Dataset:
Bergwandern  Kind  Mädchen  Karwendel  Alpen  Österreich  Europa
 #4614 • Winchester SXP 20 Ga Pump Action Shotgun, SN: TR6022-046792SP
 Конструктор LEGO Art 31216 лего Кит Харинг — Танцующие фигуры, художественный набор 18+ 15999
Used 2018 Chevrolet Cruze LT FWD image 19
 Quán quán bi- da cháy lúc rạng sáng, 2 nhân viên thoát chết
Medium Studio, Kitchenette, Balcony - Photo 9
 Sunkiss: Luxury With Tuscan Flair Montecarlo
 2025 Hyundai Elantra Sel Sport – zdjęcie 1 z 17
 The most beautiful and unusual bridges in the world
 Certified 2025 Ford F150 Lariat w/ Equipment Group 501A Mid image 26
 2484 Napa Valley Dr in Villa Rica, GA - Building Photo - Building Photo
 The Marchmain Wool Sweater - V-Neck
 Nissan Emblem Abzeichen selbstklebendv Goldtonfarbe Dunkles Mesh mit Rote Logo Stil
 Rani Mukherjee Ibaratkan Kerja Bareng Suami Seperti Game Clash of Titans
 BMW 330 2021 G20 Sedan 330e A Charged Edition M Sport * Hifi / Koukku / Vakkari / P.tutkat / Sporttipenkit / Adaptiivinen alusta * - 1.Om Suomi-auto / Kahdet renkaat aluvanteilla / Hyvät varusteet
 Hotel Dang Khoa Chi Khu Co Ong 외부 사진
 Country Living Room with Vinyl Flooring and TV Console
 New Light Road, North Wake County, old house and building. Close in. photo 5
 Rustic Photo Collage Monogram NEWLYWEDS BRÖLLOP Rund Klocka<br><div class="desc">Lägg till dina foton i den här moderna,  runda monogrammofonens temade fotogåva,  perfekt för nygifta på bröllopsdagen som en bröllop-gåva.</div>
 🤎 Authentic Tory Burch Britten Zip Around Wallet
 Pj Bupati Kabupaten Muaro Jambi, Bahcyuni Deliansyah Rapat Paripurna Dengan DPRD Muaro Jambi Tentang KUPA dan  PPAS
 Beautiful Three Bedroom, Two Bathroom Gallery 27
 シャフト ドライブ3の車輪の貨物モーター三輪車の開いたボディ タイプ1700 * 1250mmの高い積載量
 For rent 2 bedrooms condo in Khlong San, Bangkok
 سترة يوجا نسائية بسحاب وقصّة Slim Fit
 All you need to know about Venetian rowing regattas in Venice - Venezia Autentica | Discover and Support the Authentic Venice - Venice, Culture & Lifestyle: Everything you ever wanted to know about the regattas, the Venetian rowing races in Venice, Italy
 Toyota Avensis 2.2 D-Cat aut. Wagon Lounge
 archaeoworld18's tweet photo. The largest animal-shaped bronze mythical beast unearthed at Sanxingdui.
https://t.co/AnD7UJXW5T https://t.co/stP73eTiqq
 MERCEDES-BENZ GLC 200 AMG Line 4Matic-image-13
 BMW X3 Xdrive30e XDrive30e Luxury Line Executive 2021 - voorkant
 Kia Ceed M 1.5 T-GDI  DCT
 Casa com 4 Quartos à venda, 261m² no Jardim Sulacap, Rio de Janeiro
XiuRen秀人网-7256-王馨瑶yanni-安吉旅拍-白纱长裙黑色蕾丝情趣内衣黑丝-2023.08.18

What you are asked to do:
Please transcribe the data exactly from its first line. End with the line that contains "Quán quán bi- da".

Written reply:
Bergwandern  Kind  Mädchen  Karwendel  Alpen  Österreich  Europa
 #4614 • Winchester SXP 20 Ga Pump Action Shotgun, SN: TR6022-046792SP
 Конструктор LEGO Art 31216 лего Кит Харинг — Танцующие фигуры, художественный набор 18+ 15999
Used 2018 Chevrolet Cruze LT FWD image 19
 Quán quán bi- da cháy lúc rạng sáng, 2 nhân viên thoát chết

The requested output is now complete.